Studio album by The Saints
- Released: 21 February 1977
- Recorded: June, December 1976
- Studios: Window Studios, Brisbane
- Genre: Punk rock
- Length: 34:33
- Labels: EMI (Australia) Harvest (original UK release) Sire (original US release) Captain Oi! (1999 UK CD release) 4 Men with Beards (2003 US LP reissue)
- Producers: Mark Moffatt, Rod Coe

The Saints chronology
|  | (I'm) Stranded (1977) | Eternally Yours (1978) |

Singles from (I'm) Stranded
- "(I'm) Stranded" Released: September 1976; "Erotic Neurotic" Released: May 1977;

= (I'm) Stranded =

(I'm) Stranded is the debut album by Australian punk rock group The Saints which was released by EMI on 21 February 1977. Their debut single, "(I'm) Stranded", was issued ahead of the album in September 1976, which Sounds magazine's reviewer, Jonh Ingham, declared was the "Single of this and every week". "Erotic Neurotic" was the second single, which was released in May 1977 and the group relocated to the United Kingdom.

In May 2001, Australasian Performing Right Association (APRA) celebrated its 75th anniversary and named "(I'm) Stranded" in its Top 30 Australian songs of all time. In 2007, 'I'm Stranded' was one of the first 20 songs added to the National Film and Sound Archive's Sounds of Australia registry. Their debut album was listed at No. 20 in the book, 100 Best Australian Albums, in October 2010.

==Background==
The Saints formed in Brisbane in 1973 with original members Chris Bailey (singer-songwriter, later guitarist), Ed Kuepper (guitarist-songwriter), and Ivor Hay (drummer). In 1975, Kym Bradshaw joined on bass guitar. Contemporaneous with Ramones, the group were employing the fast tempos, raucous vocals and "buzz saw" guitar that characterised early punk rock. Kuepper explained that they played faster and faster as they were nervous in front of audiences. According to Australian rock historian, Ian McFarlane, they had developed their "own distinctive sound as defined by Kuepper's frenetic, whirlwind guitar style and Bailey's arrogant snarl".

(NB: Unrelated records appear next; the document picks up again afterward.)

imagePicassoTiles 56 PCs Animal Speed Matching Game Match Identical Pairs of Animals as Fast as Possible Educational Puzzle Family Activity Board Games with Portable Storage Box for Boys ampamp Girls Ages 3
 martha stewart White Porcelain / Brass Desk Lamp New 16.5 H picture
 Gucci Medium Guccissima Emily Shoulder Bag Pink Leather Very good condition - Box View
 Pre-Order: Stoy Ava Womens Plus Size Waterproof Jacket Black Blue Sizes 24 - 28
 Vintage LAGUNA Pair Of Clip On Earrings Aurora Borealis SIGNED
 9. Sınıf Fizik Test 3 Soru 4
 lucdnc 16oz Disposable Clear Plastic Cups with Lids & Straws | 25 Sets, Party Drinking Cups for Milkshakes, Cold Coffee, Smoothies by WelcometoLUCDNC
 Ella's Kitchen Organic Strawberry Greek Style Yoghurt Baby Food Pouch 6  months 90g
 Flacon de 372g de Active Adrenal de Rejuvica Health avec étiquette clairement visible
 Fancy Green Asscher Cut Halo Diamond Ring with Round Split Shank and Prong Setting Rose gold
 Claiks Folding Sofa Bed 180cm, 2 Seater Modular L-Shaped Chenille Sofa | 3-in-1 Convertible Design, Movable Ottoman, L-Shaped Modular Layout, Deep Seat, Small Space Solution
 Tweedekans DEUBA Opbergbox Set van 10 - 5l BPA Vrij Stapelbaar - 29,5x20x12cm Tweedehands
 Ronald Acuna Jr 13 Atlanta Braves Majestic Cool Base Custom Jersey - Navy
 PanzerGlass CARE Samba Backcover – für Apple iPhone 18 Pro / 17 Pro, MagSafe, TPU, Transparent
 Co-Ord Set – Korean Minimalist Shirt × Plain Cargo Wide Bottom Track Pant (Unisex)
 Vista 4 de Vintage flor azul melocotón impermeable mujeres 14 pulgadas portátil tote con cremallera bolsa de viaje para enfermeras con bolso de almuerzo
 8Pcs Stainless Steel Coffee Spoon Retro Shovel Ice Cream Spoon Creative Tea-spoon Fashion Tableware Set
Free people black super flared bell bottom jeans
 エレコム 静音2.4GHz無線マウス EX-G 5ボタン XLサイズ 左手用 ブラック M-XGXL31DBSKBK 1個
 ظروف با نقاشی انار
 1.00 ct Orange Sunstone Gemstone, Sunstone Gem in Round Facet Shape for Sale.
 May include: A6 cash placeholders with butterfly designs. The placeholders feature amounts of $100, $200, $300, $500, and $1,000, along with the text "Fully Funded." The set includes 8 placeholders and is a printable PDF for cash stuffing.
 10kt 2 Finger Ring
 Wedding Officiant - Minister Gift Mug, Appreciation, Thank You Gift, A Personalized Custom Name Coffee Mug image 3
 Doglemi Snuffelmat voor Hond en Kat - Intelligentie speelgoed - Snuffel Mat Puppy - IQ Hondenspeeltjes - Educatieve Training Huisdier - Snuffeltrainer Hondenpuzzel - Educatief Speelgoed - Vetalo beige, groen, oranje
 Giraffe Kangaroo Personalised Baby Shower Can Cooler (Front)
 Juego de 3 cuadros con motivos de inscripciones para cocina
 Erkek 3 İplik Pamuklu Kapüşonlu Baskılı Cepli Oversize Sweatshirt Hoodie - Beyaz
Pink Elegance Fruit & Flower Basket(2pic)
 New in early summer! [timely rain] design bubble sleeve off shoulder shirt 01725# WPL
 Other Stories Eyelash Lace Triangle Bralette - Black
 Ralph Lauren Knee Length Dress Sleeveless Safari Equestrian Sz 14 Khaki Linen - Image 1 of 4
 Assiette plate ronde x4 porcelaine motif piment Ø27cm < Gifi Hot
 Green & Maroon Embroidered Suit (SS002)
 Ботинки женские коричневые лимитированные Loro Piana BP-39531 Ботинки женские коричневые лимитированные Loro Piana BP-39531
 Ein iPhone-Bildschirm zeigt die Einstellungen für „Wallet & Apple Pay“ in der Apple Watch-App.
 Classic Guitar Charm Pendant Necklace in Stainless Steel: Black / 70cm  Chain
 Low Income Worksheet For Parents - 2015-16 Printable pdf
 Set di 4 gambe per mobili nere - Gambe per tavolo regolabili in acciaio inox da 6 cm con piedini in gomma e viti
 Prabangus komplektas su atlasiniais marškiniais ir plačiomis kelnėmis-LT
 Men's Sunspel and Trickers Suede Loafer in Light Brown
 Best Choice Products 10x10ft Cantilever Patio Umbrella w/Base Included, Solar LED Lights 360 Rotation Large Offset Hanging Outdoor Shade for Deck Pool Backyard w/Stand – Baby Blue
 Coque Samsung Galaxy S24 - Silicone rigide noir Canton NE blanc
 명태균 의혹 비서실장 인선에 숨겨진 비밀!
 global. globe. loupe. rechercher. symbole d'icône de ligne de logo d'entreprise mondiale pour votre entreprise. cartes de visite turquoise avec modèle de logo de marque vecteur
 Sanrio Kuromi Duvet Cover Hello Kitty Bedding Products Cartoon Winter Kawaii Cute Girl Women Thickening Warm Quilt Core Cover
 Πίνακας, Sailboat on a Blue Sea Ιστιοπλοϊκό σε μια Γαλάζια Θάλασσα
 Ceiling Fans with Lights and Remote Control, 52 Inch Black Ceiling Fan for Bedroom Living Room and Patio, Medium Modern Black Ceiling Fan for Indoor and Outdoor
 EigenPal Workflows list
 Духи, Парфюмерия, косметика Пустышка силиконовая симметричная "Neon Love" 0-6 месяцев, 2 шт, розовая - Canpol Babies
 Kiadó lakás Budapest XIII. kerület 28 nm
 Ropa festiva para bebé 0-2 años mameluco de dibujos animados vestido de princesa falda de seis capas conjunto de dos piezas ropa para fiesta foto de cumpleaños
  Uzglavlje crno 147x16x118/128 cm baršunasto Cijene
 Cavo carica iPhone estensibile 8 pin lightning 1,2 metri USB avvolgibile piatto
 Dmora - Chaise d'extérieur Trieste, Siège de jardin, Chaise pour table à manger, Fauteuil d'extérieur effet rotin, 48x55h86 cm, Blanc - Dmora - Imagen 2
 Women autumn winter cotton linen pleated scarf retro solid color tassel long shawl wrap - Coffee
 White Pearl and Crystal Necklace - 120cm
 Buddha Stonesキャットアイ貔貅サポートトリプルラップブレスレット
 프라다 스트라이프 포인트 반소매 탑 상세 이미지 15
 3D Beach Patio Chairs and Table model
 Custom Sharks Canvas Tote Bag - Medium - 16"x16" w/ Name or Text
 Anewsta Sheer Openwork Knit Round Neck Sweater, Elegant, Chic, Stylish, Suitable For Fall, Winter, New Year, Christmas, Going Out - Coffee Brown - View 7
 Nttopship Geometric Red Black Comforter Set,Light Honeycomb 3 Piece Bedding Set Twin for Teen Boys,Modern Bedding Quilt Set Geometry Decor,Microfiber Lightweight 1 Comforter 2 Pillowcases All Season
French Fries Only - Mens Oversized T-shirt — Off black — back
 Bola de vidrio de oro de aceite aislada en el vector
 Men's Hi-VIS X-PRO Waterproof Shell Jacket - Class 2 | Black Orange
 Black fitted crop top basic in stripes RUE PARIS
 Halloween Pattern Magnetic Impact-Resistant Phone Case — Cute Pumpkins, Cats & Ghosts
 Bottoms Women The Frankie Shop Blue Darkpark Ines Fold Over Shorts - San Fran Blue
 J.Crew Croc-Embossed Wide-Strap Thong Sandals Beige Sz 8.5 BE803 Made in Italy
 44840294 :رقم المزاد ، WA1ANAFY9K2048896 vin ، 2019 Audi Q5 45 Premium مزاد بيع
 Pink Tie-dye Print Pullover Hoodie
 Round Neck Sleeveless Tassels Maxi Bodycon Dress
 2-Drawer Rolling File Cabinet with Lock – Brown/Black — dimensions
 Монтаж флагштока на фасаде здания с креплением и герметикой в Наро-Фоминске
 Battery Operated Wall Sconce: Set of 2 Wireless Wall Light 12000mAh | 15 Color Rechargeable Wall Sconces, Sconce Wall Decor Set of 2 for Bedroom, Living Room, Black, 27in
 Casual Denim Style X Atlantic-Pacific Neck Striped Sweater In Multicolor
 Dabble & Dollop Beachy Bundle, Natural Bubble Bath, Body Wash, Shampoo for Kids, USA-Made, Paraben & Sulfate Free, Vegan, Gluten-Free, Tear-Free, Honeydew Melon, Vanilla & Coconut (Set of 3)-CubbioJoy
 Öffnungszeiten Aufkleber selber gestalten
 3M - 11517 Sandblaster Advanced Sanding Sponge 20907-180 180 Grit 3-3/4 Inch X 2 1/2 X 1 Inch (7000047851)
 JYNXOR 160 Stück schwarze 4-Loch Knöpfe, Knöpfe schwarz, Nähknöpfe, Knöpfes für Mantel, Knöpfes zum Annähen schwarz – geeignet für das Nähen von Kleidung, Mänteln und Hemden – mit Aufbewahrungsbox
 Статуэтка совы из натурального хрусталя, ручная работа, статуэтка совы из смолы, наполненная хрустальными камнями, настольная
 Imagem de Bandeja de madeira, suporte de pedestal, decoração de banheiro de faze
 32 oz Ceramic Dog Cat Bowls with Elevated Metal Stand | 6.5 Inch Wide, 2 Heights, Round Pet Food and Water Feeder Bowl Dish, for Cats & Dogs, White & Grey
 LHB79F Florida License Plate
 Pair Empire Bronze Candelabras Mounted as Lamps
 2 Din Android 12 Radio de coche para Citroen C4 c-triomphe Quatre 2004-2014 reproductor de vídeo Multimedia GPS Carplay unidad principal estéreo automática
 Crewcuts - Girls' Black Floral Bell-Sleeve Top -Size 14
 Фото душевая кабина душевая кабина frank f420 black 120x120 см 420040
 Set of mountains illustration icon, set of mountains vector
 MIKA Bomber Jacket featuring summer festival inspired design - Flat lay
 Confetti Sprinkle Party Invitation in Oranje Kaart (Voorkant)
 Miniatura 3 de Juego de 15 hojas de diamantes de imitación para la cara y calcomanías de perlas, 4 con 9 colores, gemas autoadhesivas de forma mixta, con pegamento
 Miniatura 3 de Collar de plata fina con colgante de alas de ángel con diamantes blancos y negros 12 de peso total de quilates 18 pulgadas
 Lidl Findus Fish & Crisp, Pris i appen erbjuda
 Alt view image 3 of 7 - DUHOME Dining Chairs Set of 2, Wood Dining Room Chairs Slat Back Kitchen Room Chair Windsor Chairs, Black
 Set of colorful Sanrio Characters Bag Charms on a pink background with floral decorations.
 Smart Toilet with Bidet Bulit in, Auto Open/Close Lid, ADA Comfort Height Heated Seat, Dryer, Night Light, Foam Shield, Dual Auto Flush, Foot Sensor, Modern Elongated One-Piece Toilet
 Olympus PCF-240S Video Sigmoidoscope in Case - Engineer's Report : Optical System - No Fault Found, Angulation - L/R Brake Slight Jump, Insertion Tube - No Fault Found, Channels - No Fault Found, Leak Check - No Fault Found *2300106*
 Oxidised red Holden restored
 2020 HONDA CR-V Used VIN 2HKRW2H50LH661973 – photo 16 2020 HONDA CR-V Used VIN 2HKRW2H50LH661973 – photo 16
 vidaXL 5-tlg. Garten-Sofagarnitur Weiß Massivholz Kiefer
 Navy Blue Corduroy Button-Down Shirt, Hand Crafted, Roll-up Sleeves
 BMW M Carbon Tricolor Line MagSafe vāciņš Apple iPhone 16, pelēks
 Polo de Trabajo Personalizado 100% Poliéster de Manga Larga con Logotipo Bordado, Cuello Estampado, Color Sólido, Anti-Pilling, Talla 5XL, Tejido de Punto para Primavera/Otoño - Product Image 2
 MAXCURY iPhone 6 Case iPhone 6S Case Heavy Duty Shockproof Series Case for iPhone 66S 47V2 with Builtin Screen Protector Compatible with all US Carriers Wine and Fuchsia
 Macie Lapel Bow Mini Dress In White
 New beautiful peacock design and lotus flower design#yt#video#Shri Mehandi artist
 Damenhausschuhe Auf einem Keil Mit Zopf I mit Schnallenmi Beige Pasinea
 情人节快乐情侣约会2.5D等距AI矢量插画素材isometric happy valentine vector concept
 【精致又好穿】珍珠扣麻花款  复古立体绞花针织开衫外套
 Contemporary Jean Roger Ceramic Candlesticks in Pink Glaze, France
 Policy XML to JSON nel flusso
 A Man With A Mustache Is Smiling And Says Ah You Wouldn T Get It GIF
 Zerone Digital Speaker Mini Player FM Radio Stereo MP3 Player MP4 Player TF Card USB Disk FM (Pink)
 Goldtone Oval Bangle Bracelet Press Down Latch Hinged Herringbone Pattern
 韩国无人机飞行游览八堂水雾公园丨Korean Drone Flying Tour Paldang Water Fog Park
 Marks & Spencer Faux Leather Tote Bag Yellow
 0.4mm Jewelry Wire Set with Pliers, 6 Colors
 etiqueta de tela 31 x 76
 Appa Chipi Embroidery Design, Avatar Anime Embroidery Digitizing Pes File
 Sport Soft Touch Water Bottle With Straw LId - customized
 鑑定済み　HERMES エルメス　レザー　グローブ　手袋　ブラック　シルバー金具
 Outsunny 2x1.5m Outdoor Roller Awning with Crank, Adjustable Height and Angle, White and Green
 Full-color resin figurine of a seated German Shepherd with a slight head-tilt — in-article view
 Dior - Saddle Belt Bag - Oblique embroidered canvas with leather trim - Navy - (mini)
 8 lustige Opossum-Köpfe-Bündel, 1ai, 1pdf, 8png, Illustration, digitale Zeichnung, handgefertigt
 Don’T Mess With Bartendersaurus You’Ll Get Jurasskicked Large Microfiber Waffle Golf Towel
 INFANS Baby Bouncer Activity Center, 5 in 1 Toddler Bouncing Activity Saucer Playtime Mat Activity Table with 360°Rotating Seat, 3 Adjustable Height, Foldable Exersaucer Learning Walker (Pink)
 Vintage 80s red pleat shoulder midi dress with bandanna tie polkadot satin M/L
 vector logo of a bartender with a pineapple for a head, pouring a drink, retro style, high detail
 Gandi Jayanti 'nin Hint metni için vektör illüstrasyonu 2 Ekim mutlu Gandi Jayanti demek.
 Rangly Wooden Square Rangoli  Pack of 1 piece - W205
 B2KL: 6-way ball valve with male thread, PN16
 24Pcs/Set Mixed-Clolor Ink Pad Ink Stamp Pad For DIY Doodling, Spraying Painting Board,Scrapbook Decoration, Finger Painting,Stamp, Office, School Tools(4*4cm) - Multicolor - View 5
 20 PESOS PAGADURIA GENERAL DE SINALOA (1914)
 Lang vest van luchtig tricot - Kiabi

In June 1976, The Saints recorded two tracks, "(I'm) Stranded" and "No Time" with Mark Moffatt producing. Unable to find an interested label, they formed Fatal Records and independently released the two tracks as their debut single in September 1976. Their self-owned Eternal Promotions sent discs to radio stations and magazines both in Australia – with little local interest – and the United Kingdom. In the UK, a small label, Power Exchange, issued the single. Sounds magazine's reviewer Jonh Ingham declared it, "Single of this and every week". EMI head office in London contacted the Sydney branch and directed that they be signed to a three-album contract.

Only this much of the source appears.